[[ TASK INPUT, beginning ]]
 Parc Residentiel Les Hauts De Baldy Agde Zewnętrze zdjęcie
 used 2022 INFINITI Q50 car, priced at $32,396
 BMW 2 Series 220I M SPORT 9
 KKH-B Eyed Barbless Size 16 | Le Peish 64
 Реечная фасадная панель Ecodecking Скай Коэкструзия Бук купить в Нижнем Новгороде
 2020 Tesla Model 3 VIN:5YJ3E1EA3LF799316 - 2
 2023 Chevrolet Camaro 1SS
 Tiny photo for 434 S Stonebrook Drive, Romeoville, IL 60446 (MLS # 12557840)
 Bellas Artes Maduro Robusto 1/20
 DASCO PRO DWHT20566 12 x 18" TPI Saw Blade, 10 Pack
[[ TASK INPUT, end ]]
WHAT THE EXERCISE ASKS:
The lines to set down, exactly and with both ends included, run from the one containing "Bellas Artes Maduro Robusto 1/20" to the last line of the data above.

EXPECTED ANSWER:
 Bellas Artes Maduro Robusto 1/20
 DASCO PRO DWHT20566 12 x 18" TPI Saw Blade, 10 Pack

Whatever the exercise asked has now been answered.